START WORKING DATA

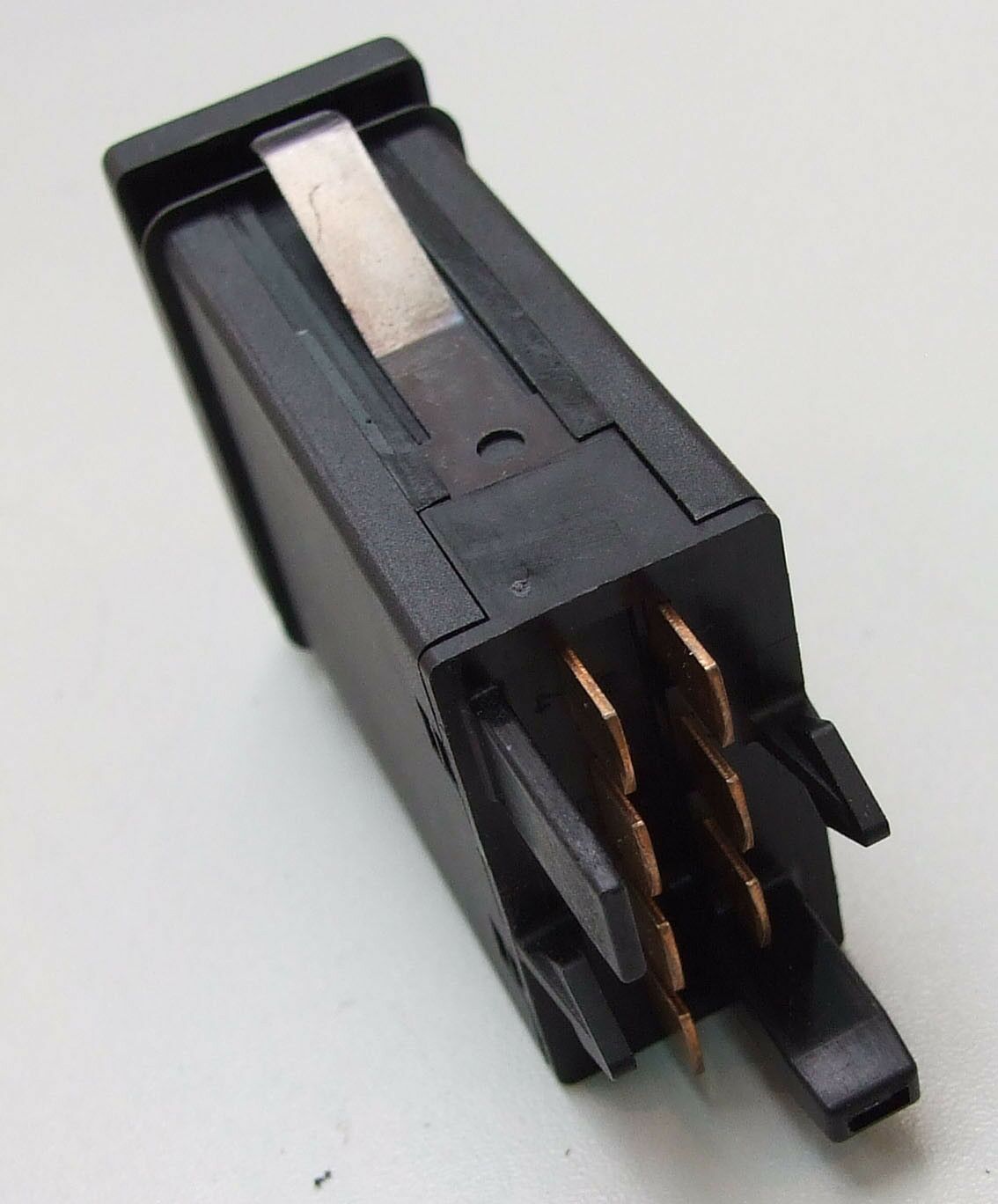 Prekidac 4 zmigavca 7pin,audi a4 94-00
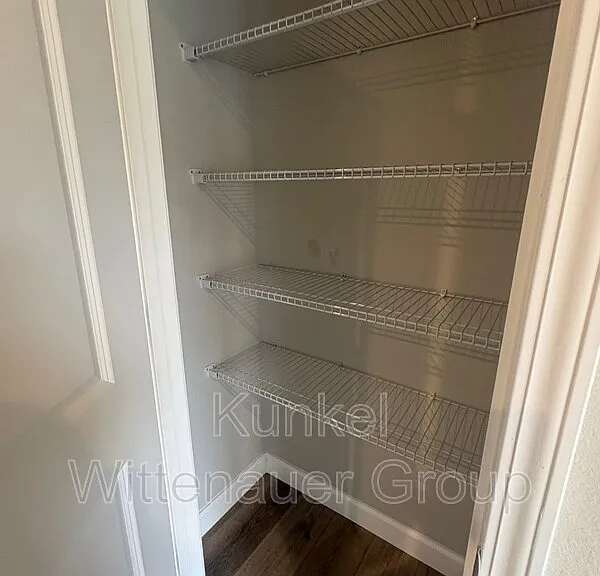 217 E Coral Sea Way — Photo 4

END WORKING DATA
START WORKING DATA

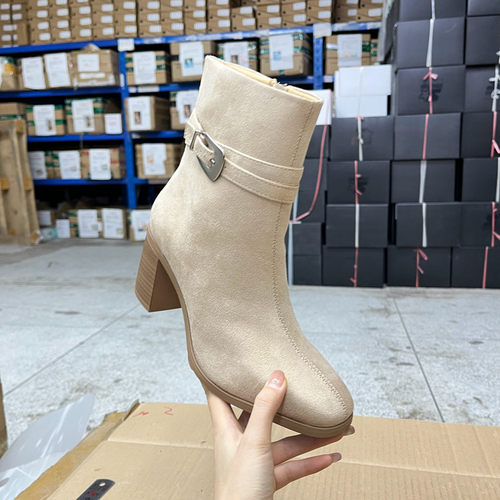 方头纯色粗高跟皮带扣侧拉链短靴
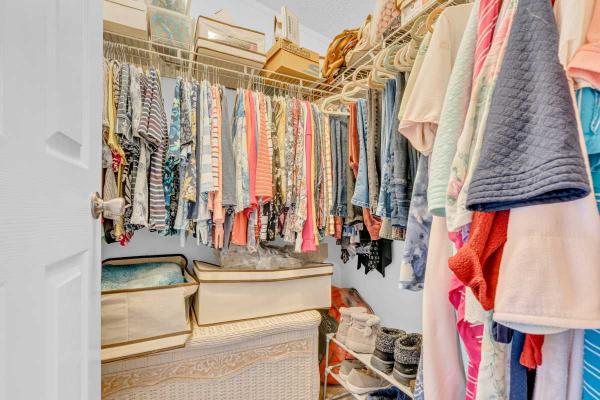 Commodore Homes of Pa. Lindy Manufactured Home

END WORKING DATA

* _EXERCISE PROMPT_: Extract from the material above the stretch running from the line containing "Prekidac 4 zmigavca 7pin,audi a4 94-00" through the line containing "217 E Coral Sea Way — Photo 4". Keep the text exact and the pictures out.

* _EXPECTED OUTPUT_:
 Prekidac 4 zmigavca 7pin,audi a4 94-00
 217 E Coral Sea Way — Photo 4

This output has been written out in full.